→ Prompt: An exact repetition of the data is required; no picture should appear in it.

→ Data to examine:
↓↓↓
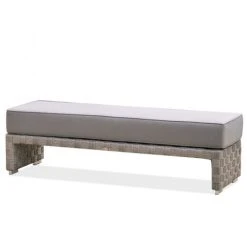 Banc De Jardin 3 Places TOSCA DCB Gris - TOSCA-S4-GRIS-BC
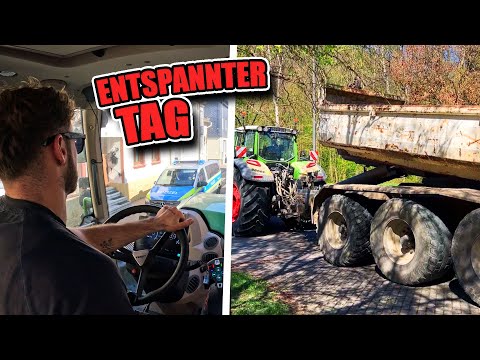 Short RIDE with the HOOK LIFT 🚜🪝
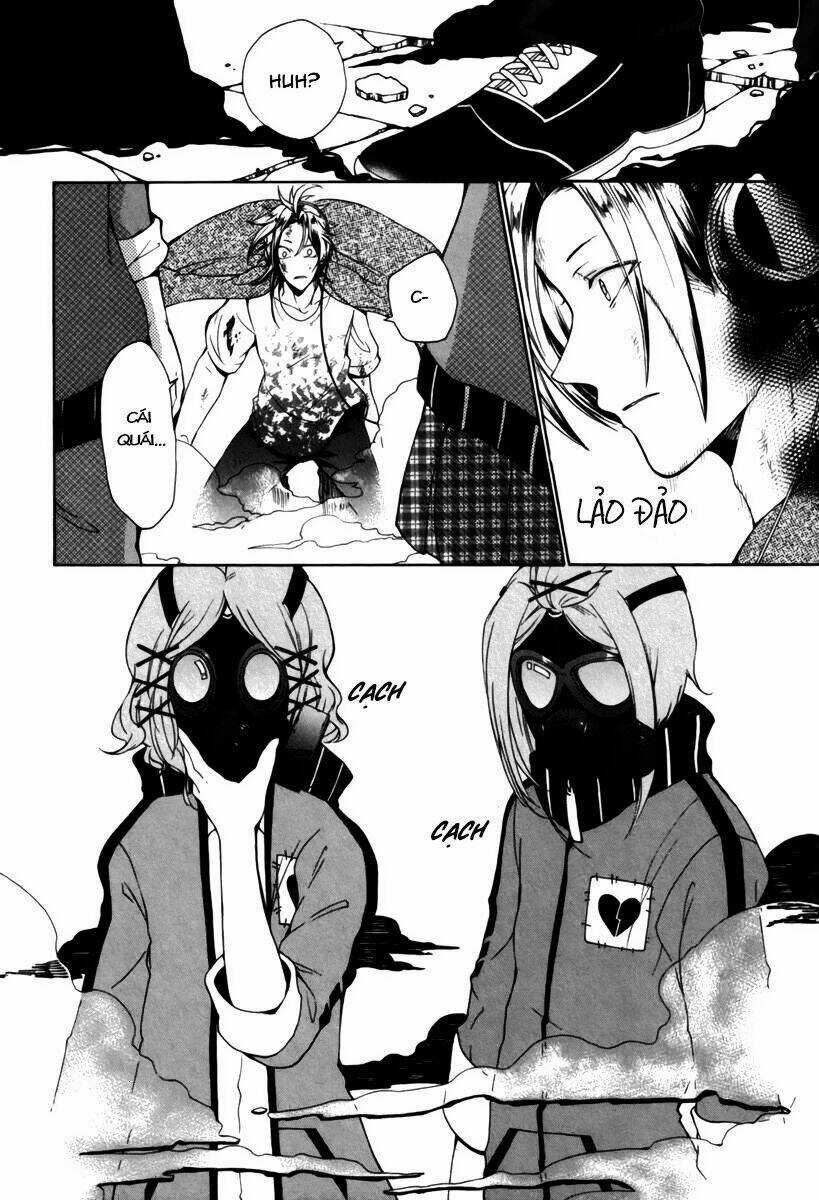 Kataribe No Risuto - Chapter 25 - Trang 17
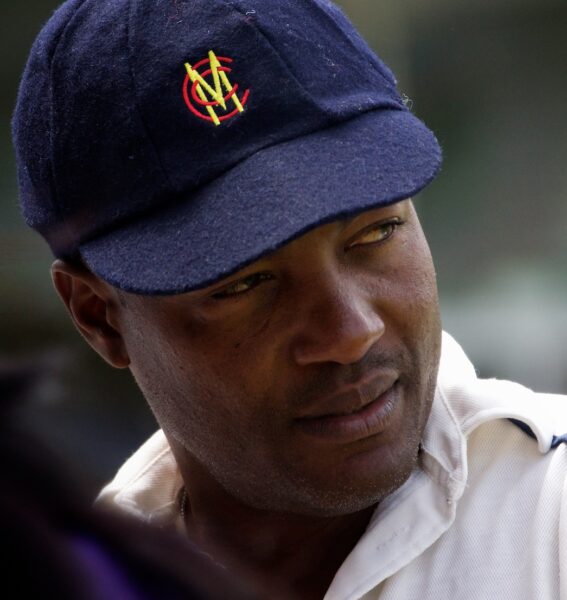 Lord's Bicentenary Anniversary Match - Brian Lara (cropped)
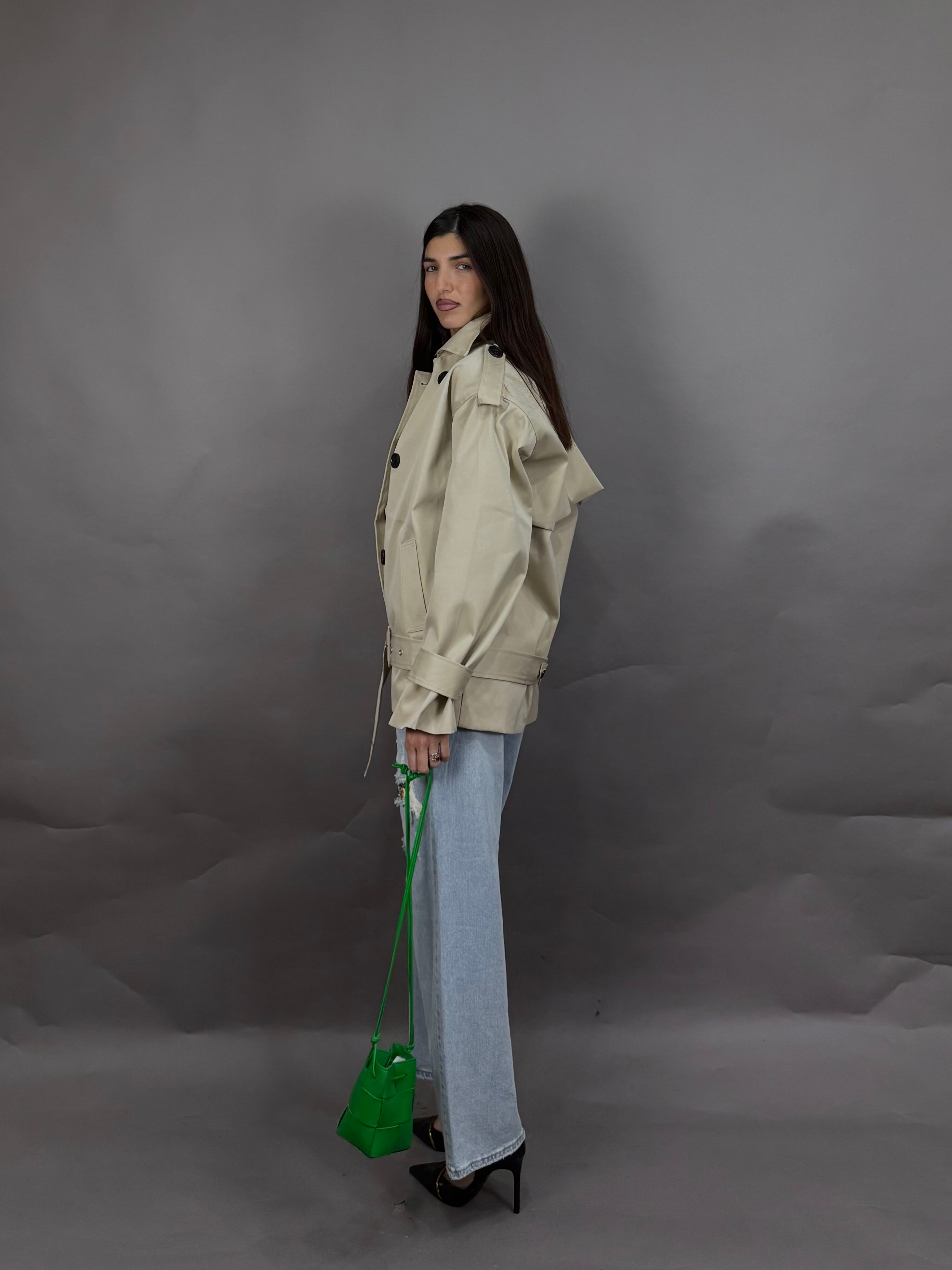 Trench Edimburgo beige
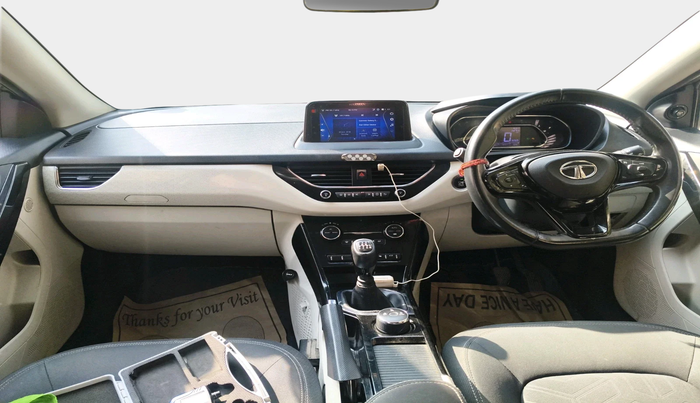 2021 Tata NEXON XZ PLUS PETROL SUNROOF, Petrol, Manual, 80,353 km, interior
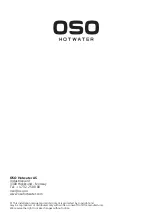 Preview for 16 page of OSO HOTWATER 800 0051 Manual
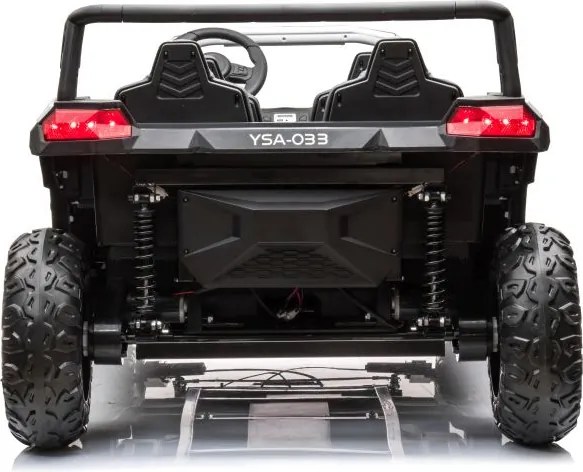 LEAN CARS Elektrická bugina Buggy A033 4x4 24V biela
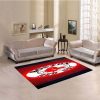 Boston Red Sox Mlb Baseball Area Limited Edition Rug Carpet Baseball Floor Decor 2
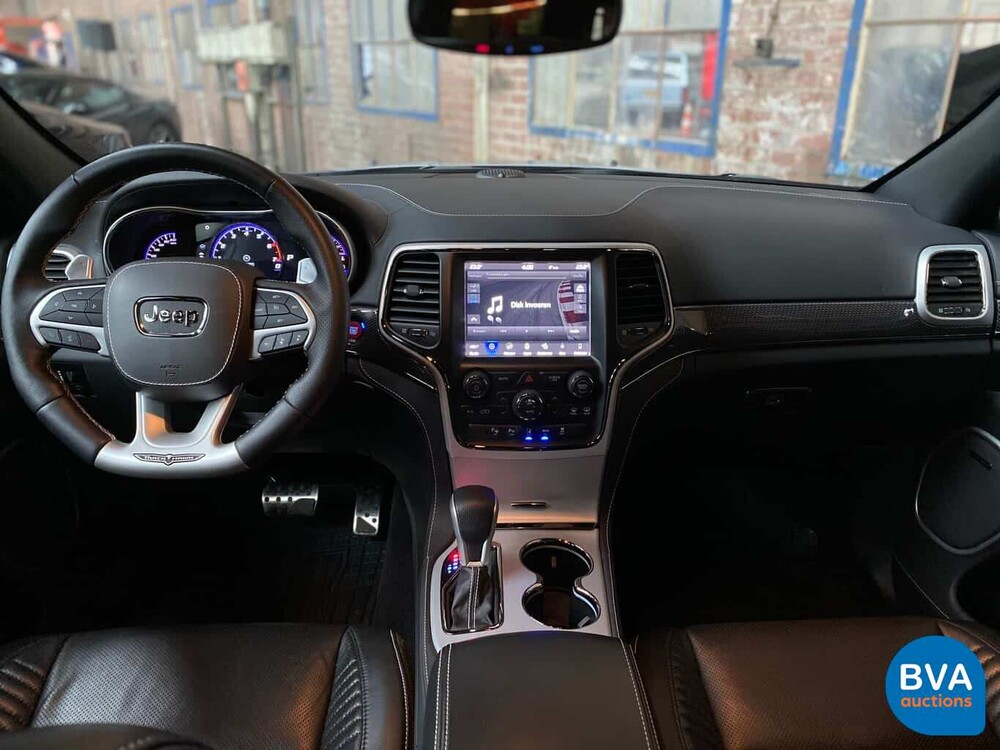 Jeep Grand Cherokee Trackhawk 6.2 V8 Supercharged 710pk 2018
↑↑↑
→ Answer to this problem:
 Banc De Jardin 3 Places TOSCA DCB Gris - TOSCA-S4-GRIS-BC
 Short RIDE with the HOOK LIFT 🚜🪝
 Kataribe No Risuto - Chapter 25 - Trang 17
 Lord's Bicentenary Anniversary Match - Brian Lara (cropped)
 Trench Edimburgo beige
 2021 Tata NEXON XZ PLUS PETROL SUNROOF, Petrol, Manual, 80,353 km, interior
 Preview for 16 page of OSO HOTWATER 800 0051 Manual
 LEAN CARS Elektrická bugina Buggy A033 4x4 24V biela
 Boston Red Sox Mlb Baseball Area Limited Edition Rug Carpet Baseball Floor Decor 2
 Jeep Grand Cherokee Trackhawk 6.2 V8 Supercharged 710pk 2018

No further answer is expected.